(GIVEN ENTRIES Opens)
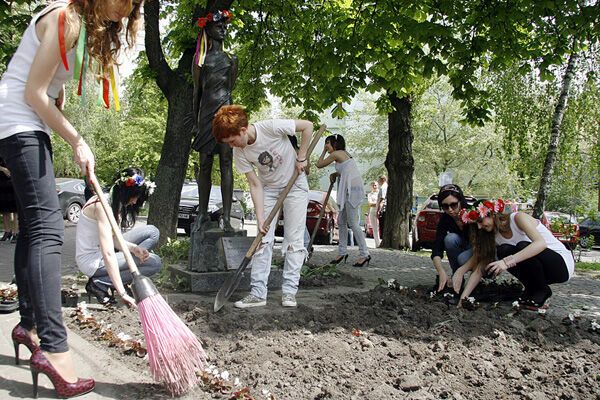 Секс-защитницы помыли Зою Космодемьянскую к 9 Мая. ФОТО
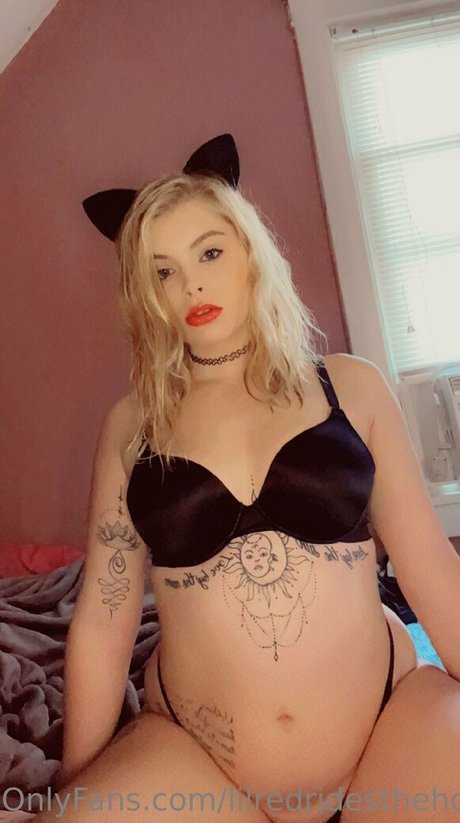 Nahá fotka uniklých OnlyFans od Lilredridesthehood
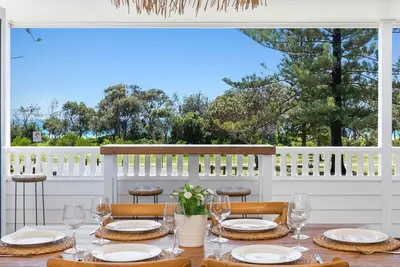 Image de Bord De Mer Contemporain Au Bord De La Mer Sur Le Parade Marin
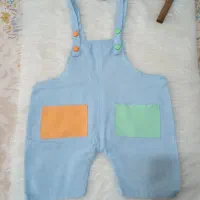 تعدادی لباس دختر بچه ها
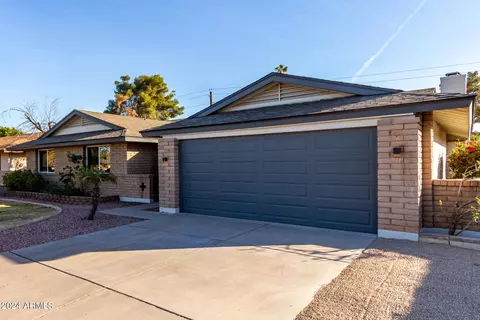 607 E Manhatton Dr, Tempe, AZ 85282 photo 2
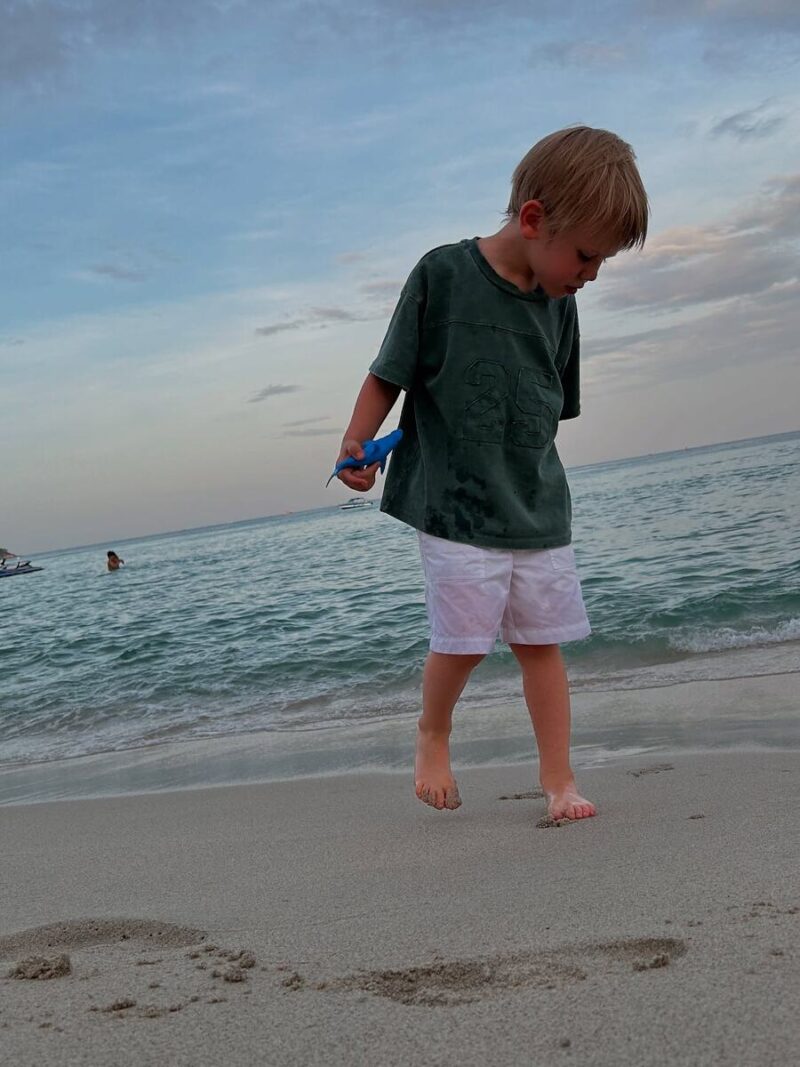 «Ему пришлось стать отцом и матерью»: как сложилась судьба Дмитрия Шепелева после ухода Жанны Фриске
(GIVEN ENTRIES Closes)
TASK OBJECTIVE
Your copy should hold every entry exactly as written, but none of the pictures.

OUTPUT OF THE TASK
 Секс-защитницы помыли Зою Космодемьянскую к 9 Мая. ФОТО
 Nahá fotka uniklých OnlyFans od Lilredridesthehood
 Image de Bord De Mer Contemporain Au Bord De La Mer Sur Le Parade Marin
 تعدادی لباس دختر بچه ها
 607 E Manhatton Dr, Tempe, AZ 85282 photo 2
 «Ему пришлось стать отцом и матерью»: как сложилась судьба Дмитрия Шепелева после ухода Жанны Фриске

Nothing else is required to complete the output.